Sunday, February 10, 2013

Wow, I am really trying to put off writing this afternoon... one last good link

From Peter Dorman on how hard it can be to think macroeconomically.

Part of the problem is, people talk about this thing they call "hoarding" which cuts them off from thinking about this as a spectrum. Instead of talking about "hoarding", as many underconsumptionists would, Keynes talked about demand for liquidity. You could still give money to financial intermediaries - you didn't have to put it in the cupboard - and keep funds relatively more liquid than they would be otherwise. On this spectrum of liquidity, the most liquid is stuffing your mattress. The least liquid is actually building a plant. But there is a spectrum in between.

Liquidity preference influences the interest rate , which also impacts the demand for funds. This is the real problem. A decline in the supply of liquidity also reduces the demand for liquidity through its effect on the interest rate: and that means a fall in output.
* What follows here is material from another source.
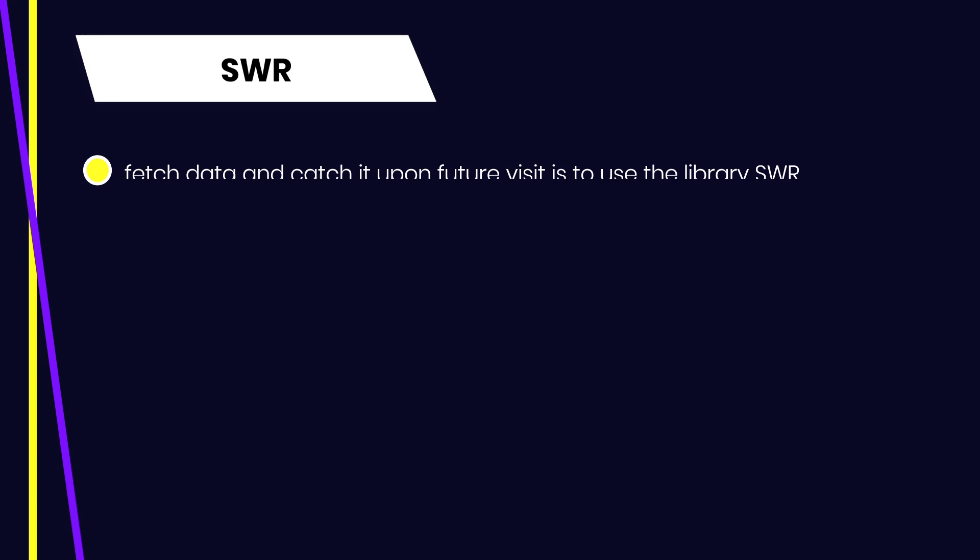We learned how you can fetch the data and display the loading message when the data is loading, and display 'data is not available' message if the data is not available. An improved way to fetch data and cache it upon future visit is to use a library called SWR, which is also made by the developer of Next.js.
Dorman concludes in this way:
"I’m sympathetic with Cowen’s struggle: I see the same difficulties in my economics classes every year. Students can usually see only one or two linkages at a time; it is really hard to see the whole thing as one simultaneous entity. It doesn’t come easy even for professional economists, since writing a set of equations is one thing, but visualizing them on an intuitive level as an integrated system is another.

The fact is, there are a lot more Tyler Cowen’s in this world than Paul Krugman’s, which is one reason why it is so difficult to get a sensible discussion of macroeconomic policy."